The unreliability was even worse in the fall semester of 2008, which by time the start of the semester rolled around, was completely out for almost two weeks. According to monitoring software I was running (just a version of MTR with aggregate stats, actually) for most of the fall semester, packet loss was an average of about 20% for the semester, although it was mostly grouped into large blocks of huge packet loss.

ResNets quality since I installed PFsense. The little break is a period when I was having some issues with my server and the large break is form when it was down when I wasnt at school. This is over a six month period, showing twelve hour averages. Over the period, the internet was never out for longer than a couple or hours, which is why there are no spike to 100% loss shown.

ResNet's quality since I installed PFsense. The little break is a period when I was having some issues with my server and the large break is form when it was down when I wasn't at school. This is over a six month period, showing twelve hour averages. Over the period, the internet was never out for longer than a couple or hours, which is why there is no spike to 100% loss shown.

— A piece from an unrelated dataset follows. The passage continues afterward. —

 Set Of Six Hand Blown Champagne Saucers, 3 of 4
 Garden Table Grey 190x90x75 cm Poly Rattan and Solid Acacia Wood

This starkly contrasts to my Shaw connection, which has been down less than four hours while I’ve been monitoring it, and has only been down on three separate occasions. Once, and the longest, was about three hours do to a car crash which took out a power pole and Shaw’s plant on it. The other two I don’t know the causes of, but one may be due to someone’s improperly connected TV. Shaw wasn’t sure about that one either.
Oh, did I mention I pay about $35 a month for Shaw (through the student plan) which offers a more reliable connection that is only ~$3/month more money? Additionally, Shaw offered to credit me back every time I’ve called them about internet downtime, whereas for the number of times ResNet has been down/slow/unreliable, I only received a $16 credit for what should have amounted to a full refund for the semester (at home Shaw credited us for two months of somewhat unreliable service when we were among the first people in town to upgrade to DOCSIS).
ResNet is trying to make things better though, undergoing a large infrastructure upgrade to increase the bandwidth locally, which was not nearly enough for the amount of people using the network and possibly transferring files between each other. For comparison I have a faster internal network for my few computers and have deployed faster network for a few hundred people than they did for around 1800 people.
Additionally, the off campus connection is a measly 200Mb/s (at least, last I knew about) for 1800 people, which given us a contention ratio of 90:1 (1800 people with a 10Mb/s connection) which is much higher than Shaw, who supposedly is closer to 25:1-35:1 depending on neighborhood. This means that at peak times, the internet slows down quite a bit. I have never noticed a corresponding slowdown with my Shaw connection.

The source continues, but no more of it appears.